Rules for Iteration (Eval Phase)

  • Define measurement criteria to choose a few ideas that will advance to the next phase

  • Choose based on their potential because you'll have two more opportunities to improve on the base ideas if they're not quite there yet.

  • Take each advancer as a core idea and spend your time iterating on that idea.

    • When you think of that idea, what else do you think of?

    • Are there offshoots to that idea that come to mind?

    • Use spider mapping (main idea at the center) and related ideas as offshoots (do not evaluate them)

    • Time-box this phase.

 


Rules for Inflation

The last stage is inflation. Make that one idea better by inflating their value, their purpose, or their worth through features, add-ons, ecosystem benefits, build out.

  • Spider mapping that advancer idea again,

    • Think about all the things that could be added to this idea to make it better.

    • If it's a product, are there accessories or features that can make it even better?

    • If it's an event, are there partnerships or environmental intersections like venues or spaces that make that idea really shine?


The Spoon Exercise

(Create teams of 2-3 people max)

Problem: your new client has a warehouse full of spoons, but she's also come to understand that customers don't want just spoons. They like other utensils in the set. She only has spoons and needs to get rid of them (millions of them). So she needs you to come up with another purpose for these. They're no longer silverware. They need to be marketed as something else. They need to be given another purpose, sold as something else that somebody would want.

 

Measurement criteria:

  1. the idea needs to be as useful to as many people as possible.

  2. the idea shouldn't be about food intake at all.

  3. if it's commercially successful the idea should spawn other business opportunities, either in different industries or accompanying products.

  4. the idea can't require a fundamental change in shape to the object. The client doesn't want to have to alter the product to sell it.

 

Ideation:

  • You have 3 minutes to generate as many ideas as possible.

    • positive reckless abandon

  • Have fun.

 

Iteration:

  • Using our measurement criteria, identify three ideas that will be your advancers.

    • Find three ideas on your list that you believe have enough potential to move forward.

    • You have 1 min

  • Spider mapping - Take your first idea and write it on your board or on your paper, and circle it.
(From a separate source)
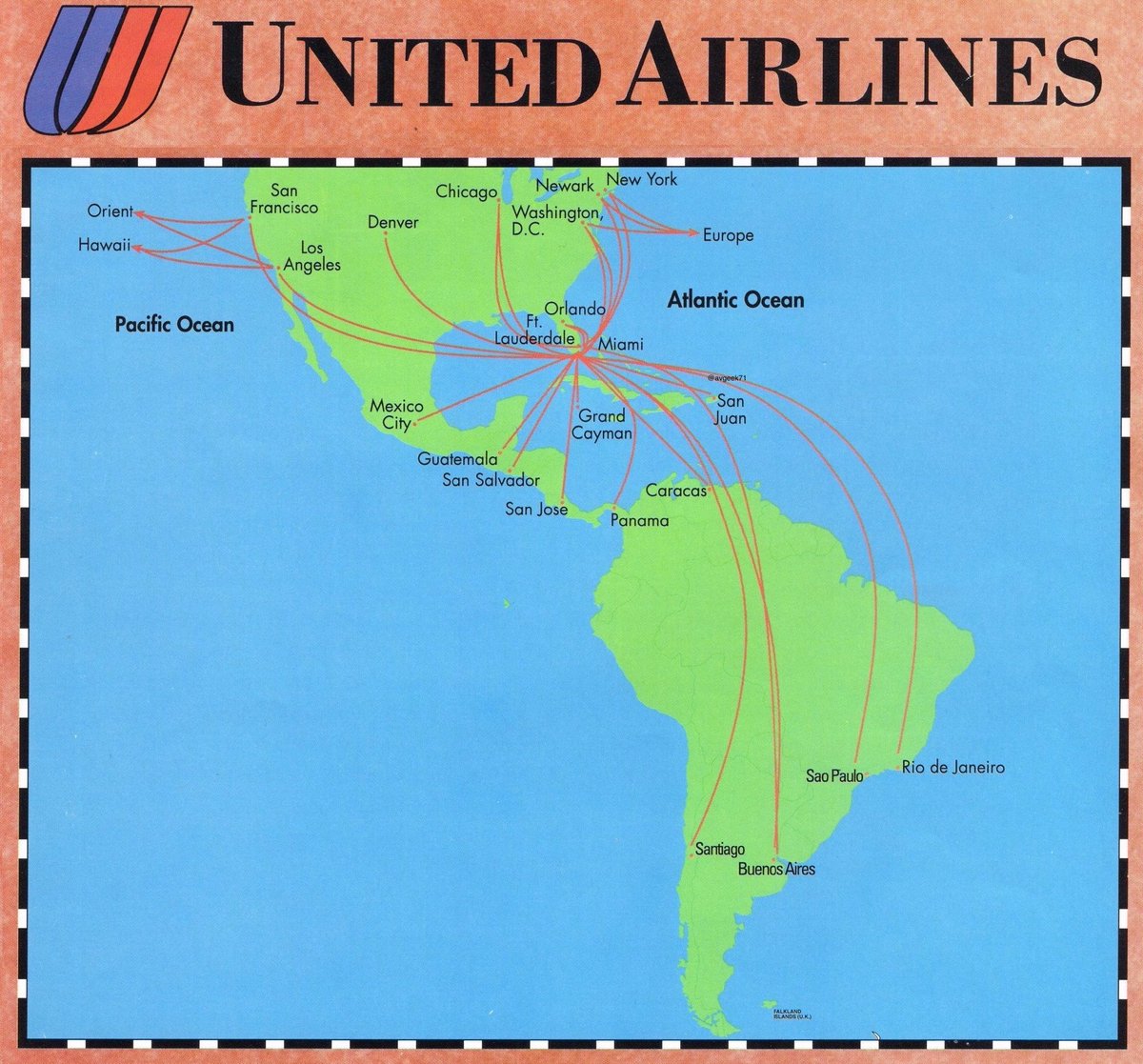 AvGeek71's tweet image. United tried to establish a hub in Miami to serve Latin and South America, but American was too far ahead. Gulfstream set up intra-Florida service, but that didn&apos;t help. January, 1996. #avgeek #avgeeks #aviation #travel #UnitedAirlines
    • When you think of the idea, what else do you think of? Are there offshoots on that idea that come to mind? - Write them as offshoot lines from the main idea circle.

    • You have 2 mins

    • Repeat for the 2nd and 3rd idea.


Decision:

  • Using your measurement criteria, which idea do you believe has the most potential? It may be one of your original three, or it may be something you found during the iteration phase.

  • Select 1 idea to move forward. You have 2 mins

 

Inflation:

  • Your goal is to make this idea better by thinking of any accessories your new product might have with it, or packaging, or advertising slogans, or other industries that could use it, any other products that this product might lead to if it's successful.

    • Are there other tangential uses for this product within the current idea.

    • What would make this product even better?

  • You have 3 mins

 

Review:

  • Each team present your idea

 

All content © Roger Cruz unless otherwise specified.